*ASSIGNED TASK*. Exactly as given, restate each record that follows.

[Data extracted from a collection]
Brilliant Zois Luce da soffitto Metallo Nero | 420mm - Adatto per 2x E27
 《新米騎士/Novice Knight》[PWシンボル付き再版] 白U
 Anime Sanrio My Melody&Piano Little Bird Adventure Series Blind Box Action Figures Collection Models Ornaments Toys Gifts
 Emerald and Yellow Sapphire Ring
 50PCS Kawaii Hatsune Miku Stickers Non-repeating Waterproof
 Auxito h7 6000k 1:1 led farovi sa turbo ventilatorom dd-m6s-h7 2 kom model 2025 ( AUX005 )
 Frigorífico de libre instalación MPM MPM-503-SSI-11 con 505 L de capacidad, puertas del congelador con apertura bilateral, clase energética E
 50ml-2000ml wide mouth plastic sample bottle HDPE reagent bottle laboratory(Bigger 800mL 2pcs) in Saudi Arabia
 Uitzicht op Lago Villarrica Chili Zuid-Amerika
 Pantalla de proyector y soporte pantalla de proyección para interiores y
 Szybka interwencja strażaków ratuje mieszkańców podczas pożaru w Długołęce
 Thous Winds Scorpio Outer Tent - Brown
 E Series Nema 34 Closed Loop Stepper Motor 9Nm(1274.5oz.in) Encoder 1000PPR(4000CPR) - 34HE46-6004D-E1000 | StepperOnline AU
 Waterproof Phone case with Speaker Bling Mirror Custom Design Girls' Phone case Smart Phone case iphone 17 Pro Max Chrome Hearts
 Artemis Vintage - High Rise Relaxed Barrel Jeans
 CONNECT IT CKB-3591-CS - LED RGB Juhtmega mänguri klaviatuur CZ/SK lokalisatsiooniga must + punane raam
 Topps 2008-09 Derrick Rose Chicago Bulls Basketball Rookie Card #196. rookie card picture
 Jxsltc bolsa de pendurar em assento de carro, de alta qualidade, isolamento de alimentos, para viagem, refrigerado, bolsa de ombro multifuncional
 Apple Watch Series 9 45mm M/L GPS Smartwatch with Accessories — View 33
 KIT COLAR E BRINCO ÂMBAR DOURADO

*SOLUTION FOR THIS EXERCISE*.
Brilliant Zois Luce da soffitto Metallo Nero | 420mm - Adatto per 2x E27
 《新米騎士/Novice Knight》[PWシンボル付き再版] 白U
 Anime Sanrio My Melody&Piano Little Bird Adventure Series Blind Box Action Figures Collection Models Ornaments Toys Gifts
 Emerald and Yellow Sapphire Ring
 50PCS Kawaii Hatsune Miku Stickers Non-repeating Waterproof
 Auxito h7 6000k 1:1 led farovi sa turbo ventilatorom dd-m6s-h7 2 kom model 2025 ( AUX005 )
 Frigorífico de libre instalación MPM MPM-503-SSI-11 con 505 L de capacidad, puertas del congelador con apertura bilateral, clase energética E
 50ml-2000ml wide mouth plastic sample bottle HDPE reagent bottle laboratory(Bigger 800mL 2pcs) in Saudi Arabia
 Uitzicht op Lago Villarrica Chili Zuid-Amerika
 Pantalla de proyector y soporte pantalla de proyección para interiores y
 Szybka interwencja strażaków ratuje mieszkańców podczas pożaru w Długołęce
 Thous Winds Scorpio Outer Tent - Brown
 E Series Nema 34 Closed Loop Stepper Motor 9Nm(1274.5oz.in) Encoder 1000PPR(4000CPR) - 34HE46-6004D-E1000 | StepperOnline AU
 Waterproof Phone case with Speaker Bling Mirror Custom Design Girls' Phone case Smart Phone case iphone 17 Pro Max Chrome Hearts
 Artemis Vintage - High Rise Relaxed Barrel Jeans
 CONNECT IT CKB-3591-CS - LED RGB Juhtmega mänguri klaviatuur CZ/SK lokalisatsiooniga must + punane raam
 Topps 2008-09 Derrick Rose Chicago Bulls Basketball Rookie Card #196. rookie card picture
 Jxsltc bolsa de pendurar em assento de carro, de alta qualidade, isolamento de alimentos, para viagem, refrigerado, bolsa de ombro multifuncional
 Apple Watch Series 9 45mm M/L GPS Smartwatch with Accessories — View 33
 KIT COLAR E BRINCO ÂMBAR DOURADO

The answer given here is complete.